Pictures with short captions
════════

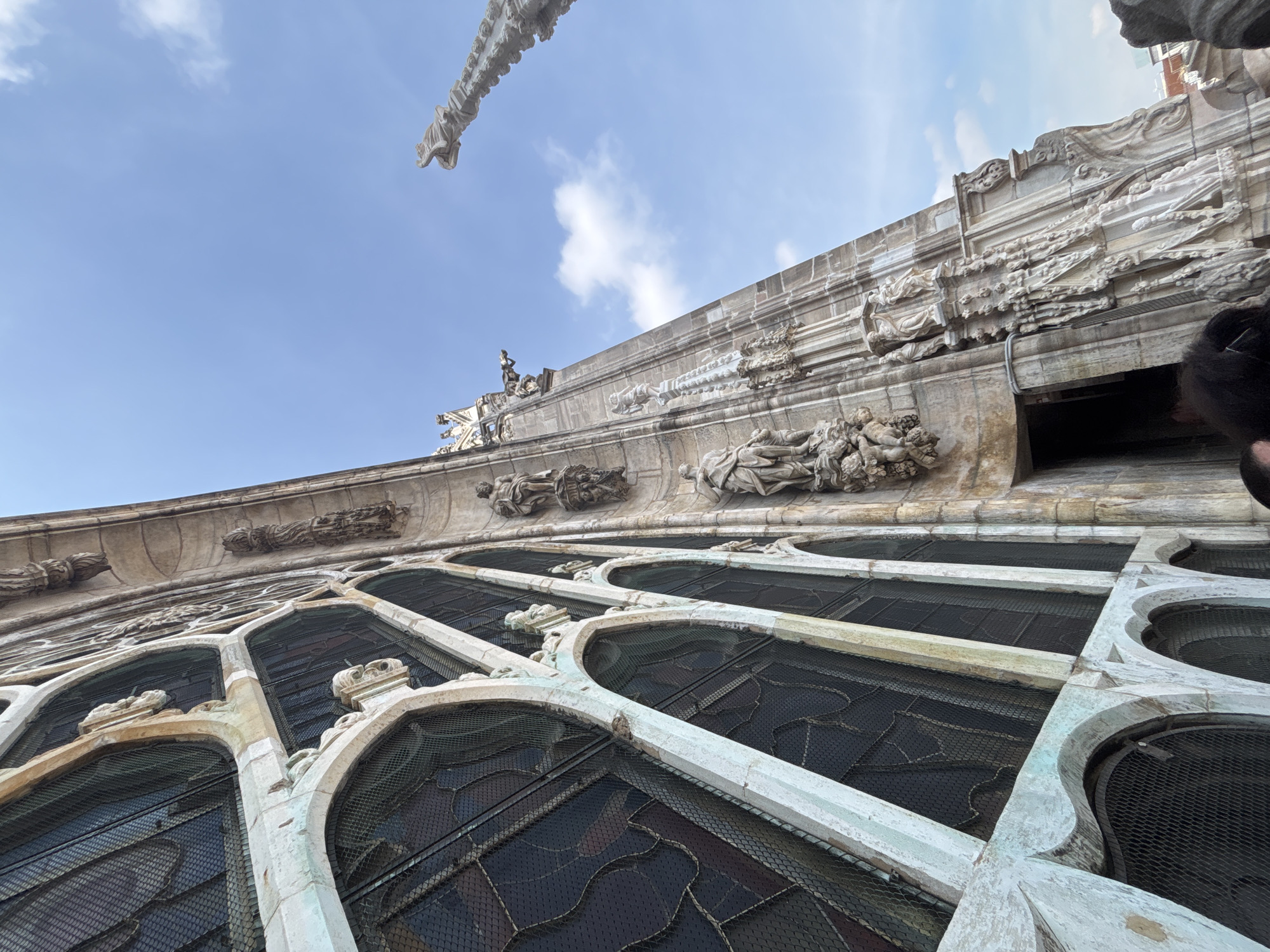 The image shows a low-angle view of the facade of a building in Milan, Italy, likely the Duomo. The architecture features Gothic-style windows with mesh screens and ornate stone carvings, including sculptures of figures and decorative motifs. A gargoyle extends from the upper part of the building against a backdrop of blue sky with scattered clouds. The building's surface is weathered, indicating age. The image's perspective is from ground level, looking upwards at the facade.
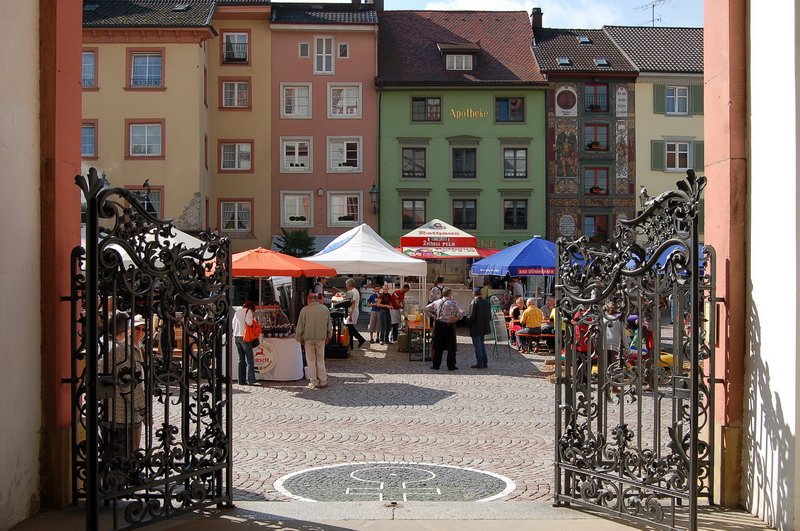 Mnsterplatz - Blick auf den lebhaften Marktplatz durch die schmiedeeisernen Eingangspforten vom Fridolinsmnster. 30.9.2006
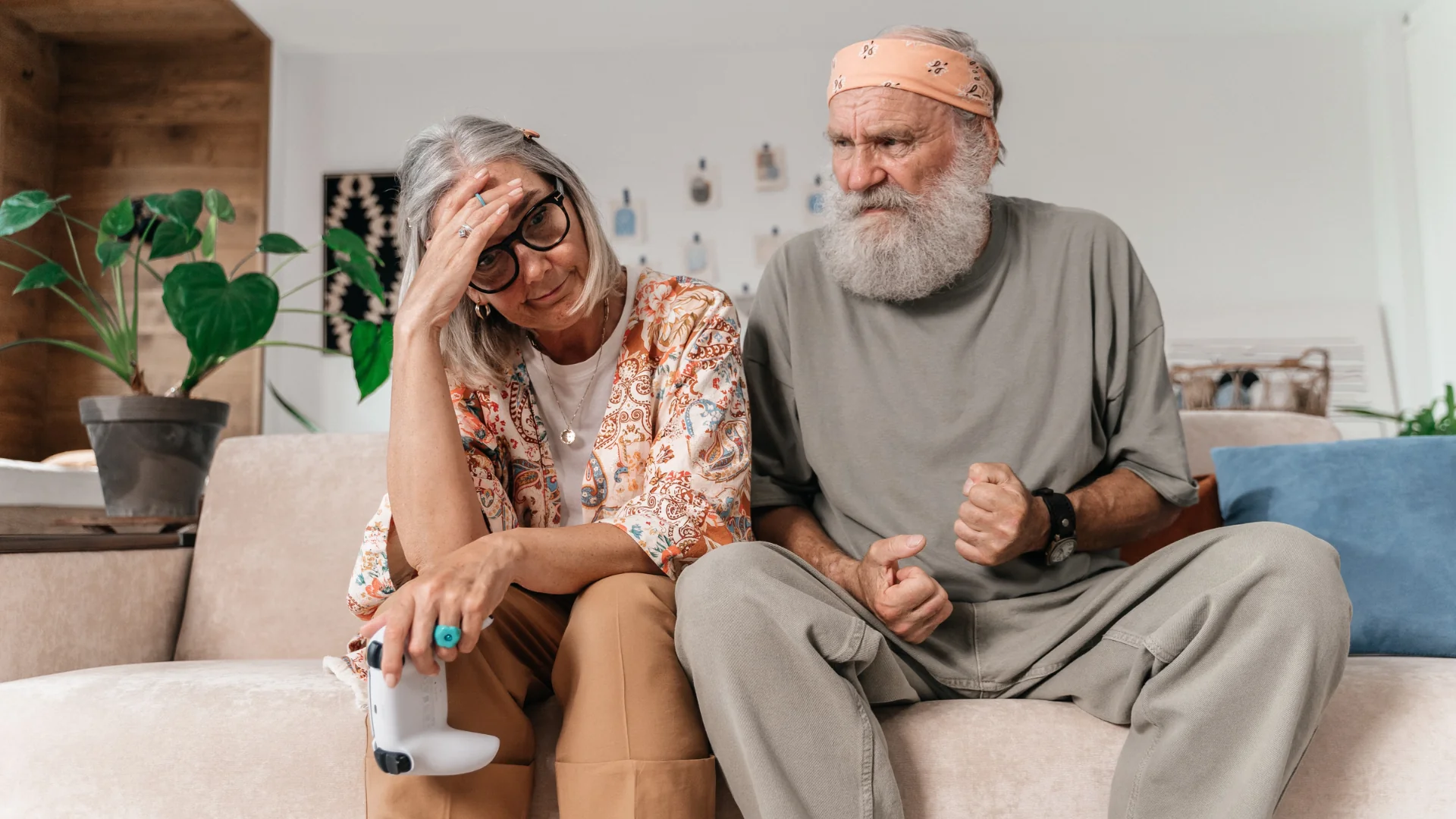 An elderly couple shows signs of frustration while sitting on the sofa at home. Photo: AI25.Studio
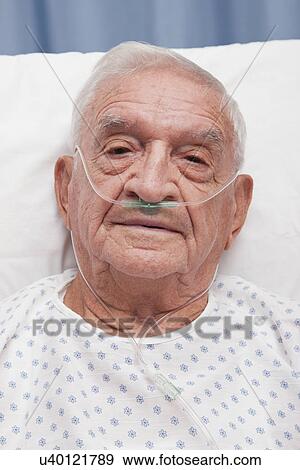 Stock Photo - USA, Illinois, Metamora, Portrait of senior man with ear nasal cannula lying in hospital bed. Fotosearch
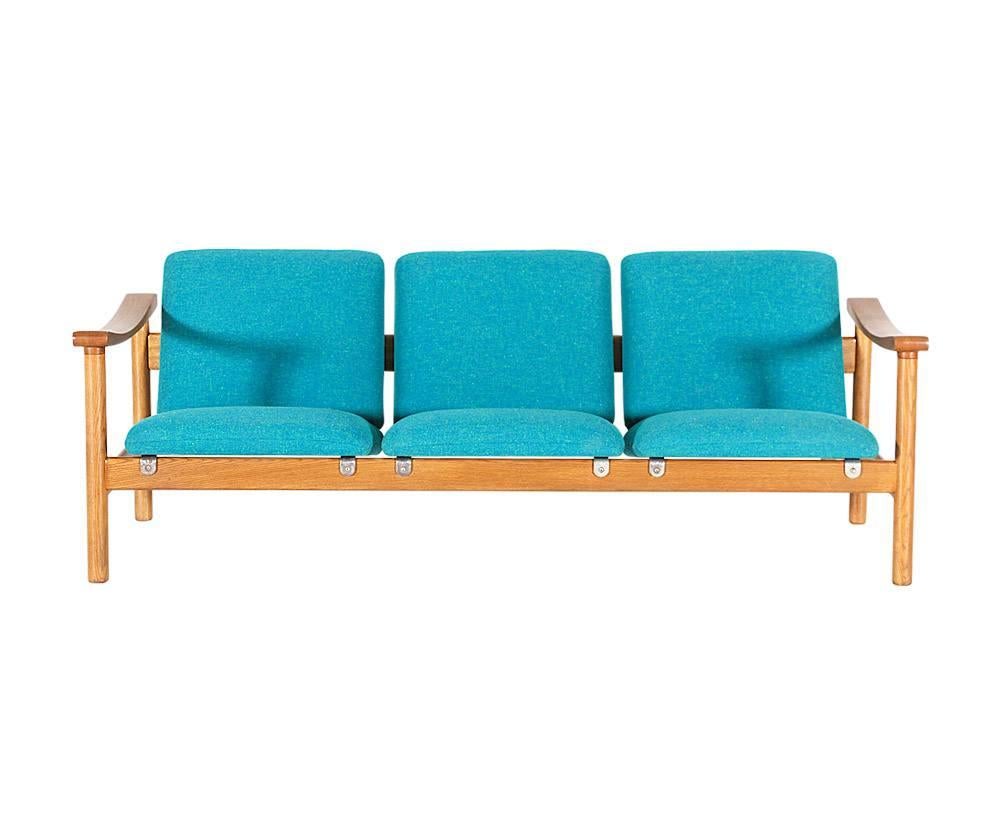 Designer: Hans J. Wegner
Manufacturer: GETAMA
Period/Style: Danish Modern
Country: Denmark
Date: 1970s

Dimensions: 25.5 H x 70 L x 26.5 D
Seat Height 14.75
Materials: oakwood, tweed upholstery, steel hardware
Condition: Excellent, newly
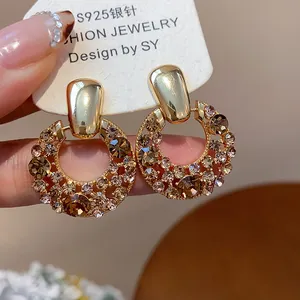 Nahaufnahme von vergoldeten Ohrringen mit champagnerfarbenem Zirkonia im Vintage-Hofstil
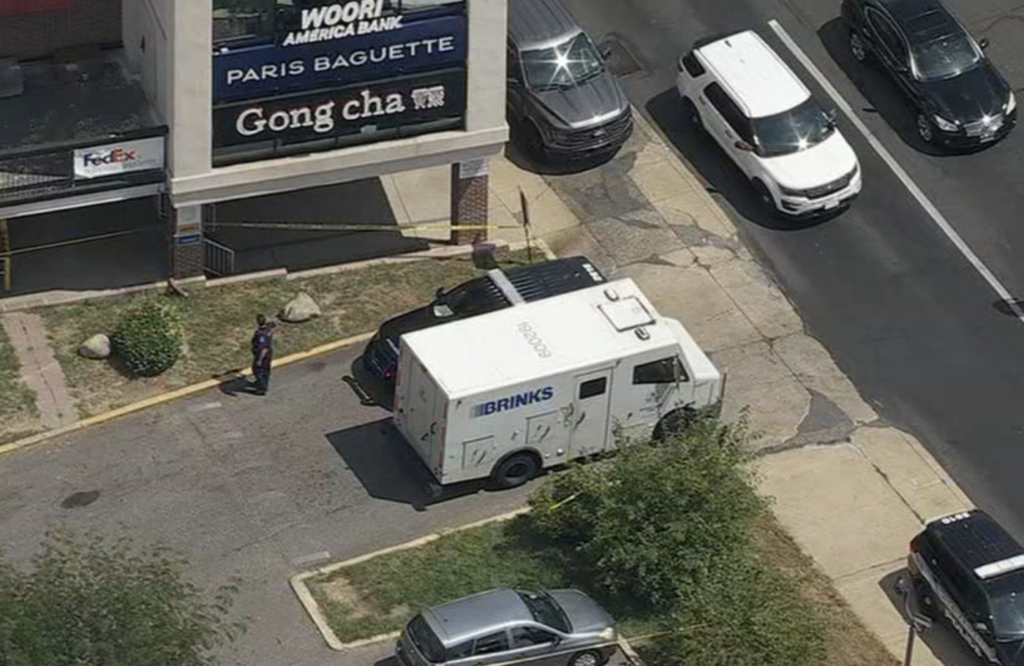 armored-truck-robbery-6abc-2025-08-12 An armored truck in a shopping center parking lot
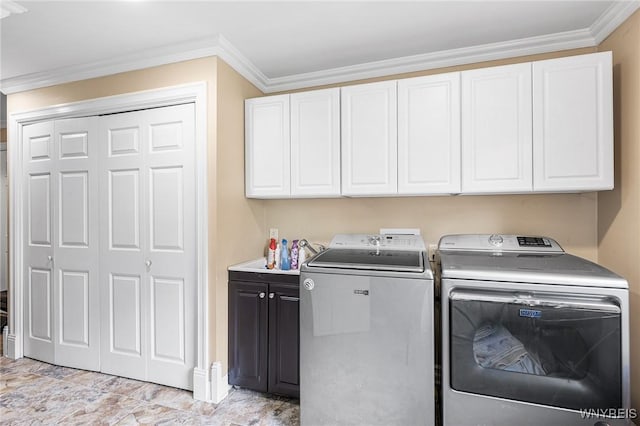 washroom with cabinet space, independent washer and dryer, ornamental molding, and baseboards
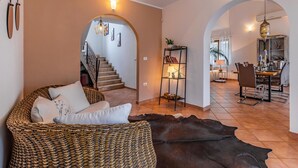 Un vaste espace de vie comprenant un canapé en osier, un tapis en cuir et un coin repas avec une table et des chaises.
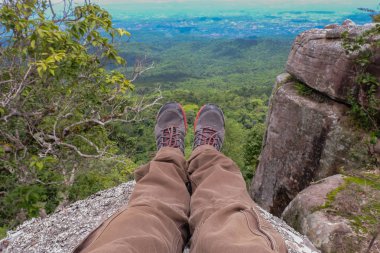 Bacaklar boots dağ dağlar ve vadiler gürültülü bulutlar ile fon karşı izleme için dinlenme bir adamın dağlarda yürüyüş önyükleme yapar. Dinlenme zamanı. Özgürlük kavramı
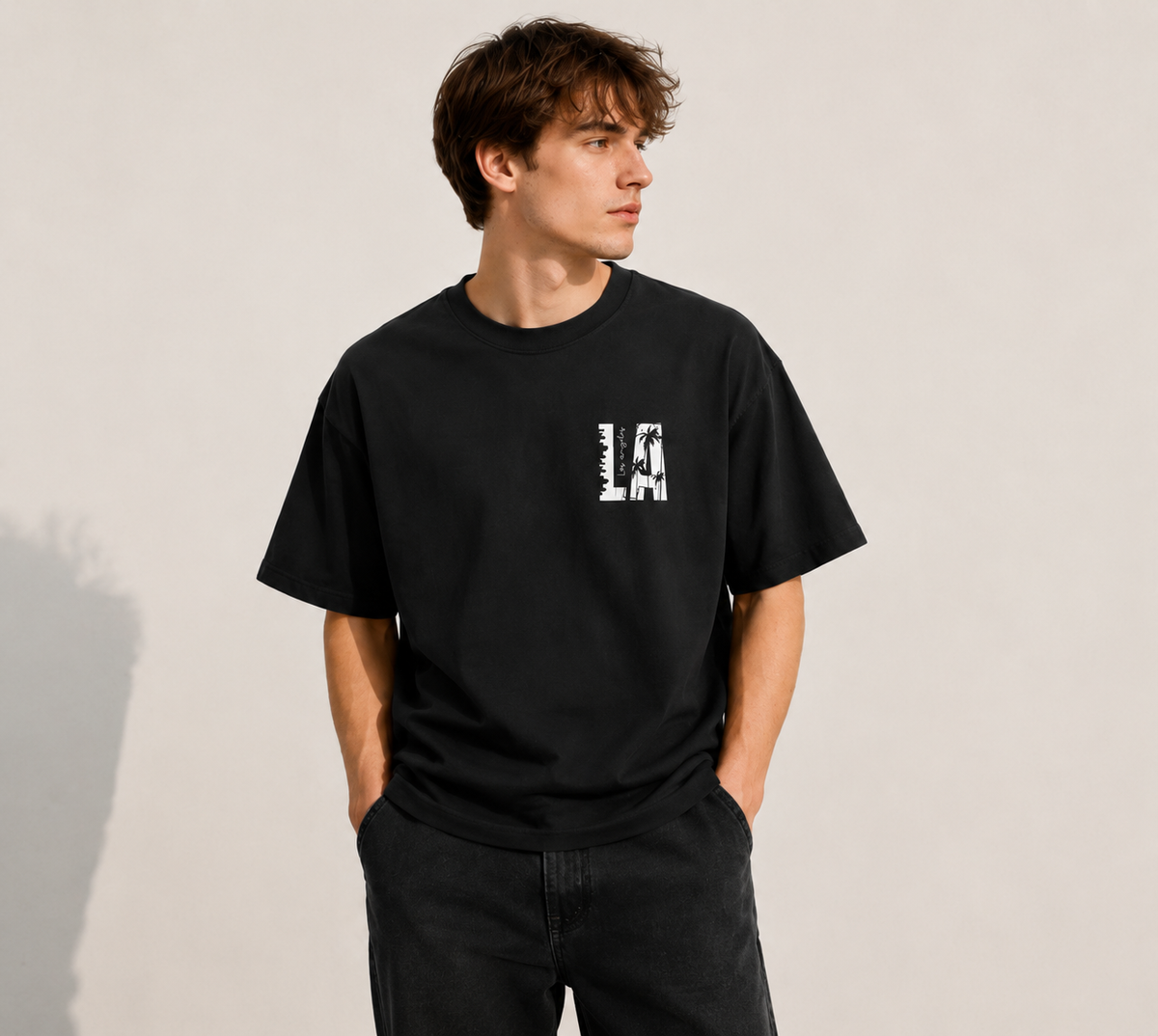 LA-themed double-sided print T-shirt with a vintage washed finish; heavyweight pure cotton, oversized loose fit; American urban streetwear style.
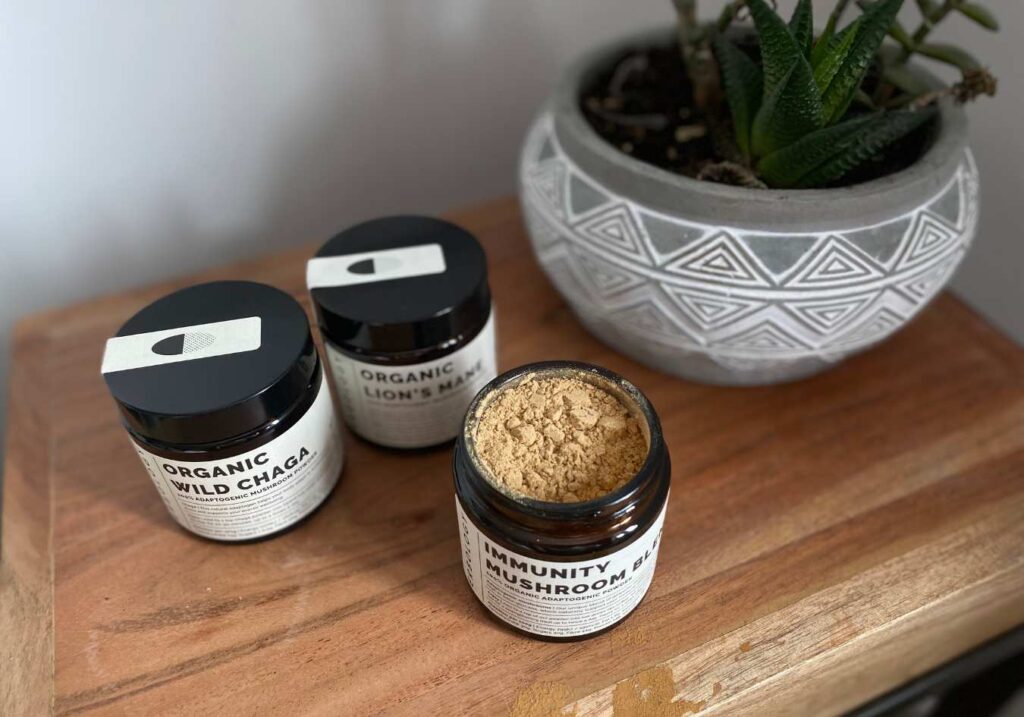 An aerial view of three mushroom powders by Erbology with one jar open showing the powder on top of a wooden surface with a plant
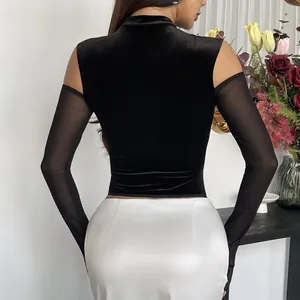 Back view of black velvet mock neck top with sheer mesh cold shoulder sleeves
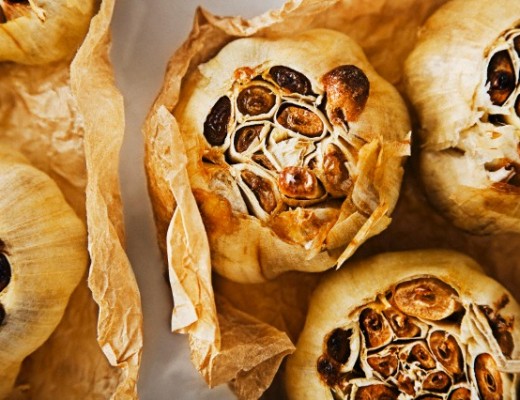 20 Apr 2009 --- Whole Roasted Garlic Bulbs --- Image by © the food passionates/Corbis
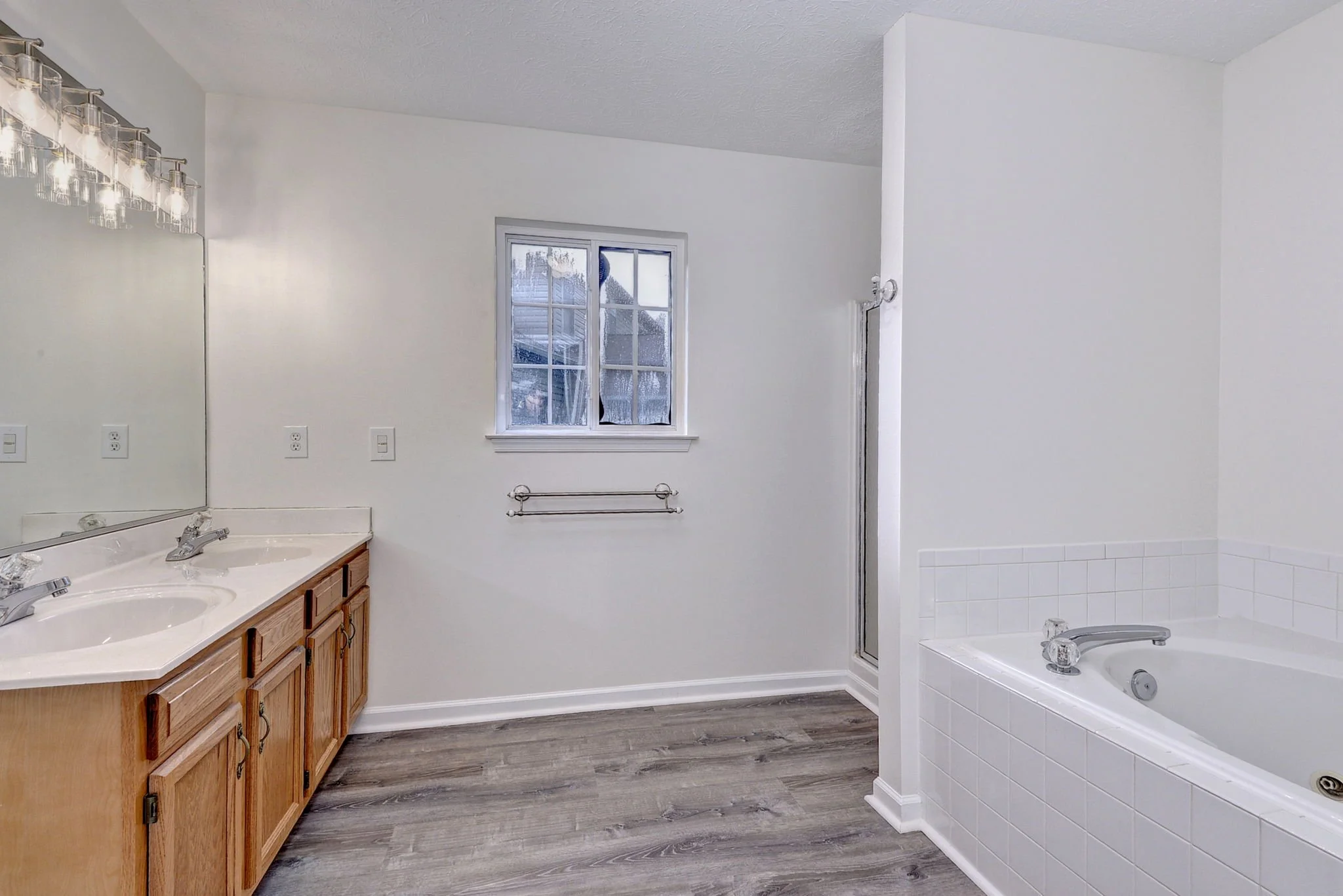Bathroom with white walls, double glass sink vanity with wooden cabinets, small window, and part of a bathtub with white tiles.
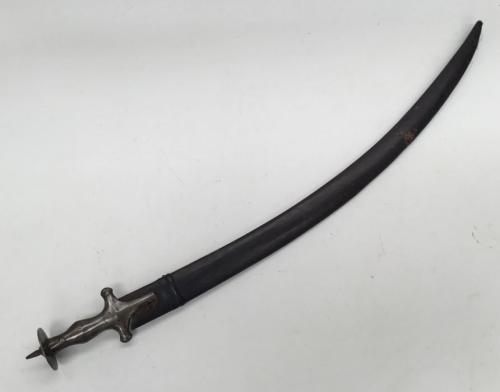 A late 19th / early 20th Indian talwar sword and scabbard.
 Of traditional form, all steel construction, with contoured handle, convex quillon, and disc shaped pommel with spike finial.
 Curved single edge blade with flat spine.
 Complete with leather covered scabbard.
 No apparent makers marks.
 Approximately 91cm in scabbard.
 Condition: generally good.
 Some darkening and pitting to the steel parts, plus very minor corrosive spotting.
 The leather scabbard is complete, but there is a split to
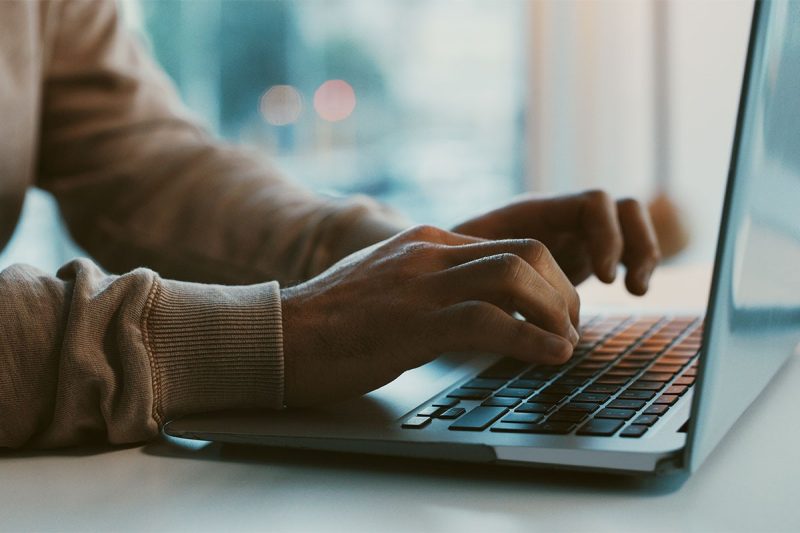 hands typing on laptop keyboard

════════

◆ What is needed: Scan the records above for the word "Condition" and return every line where it occurs.

◆ Response:
Condition: Excellent, newly
 Condition: generally good.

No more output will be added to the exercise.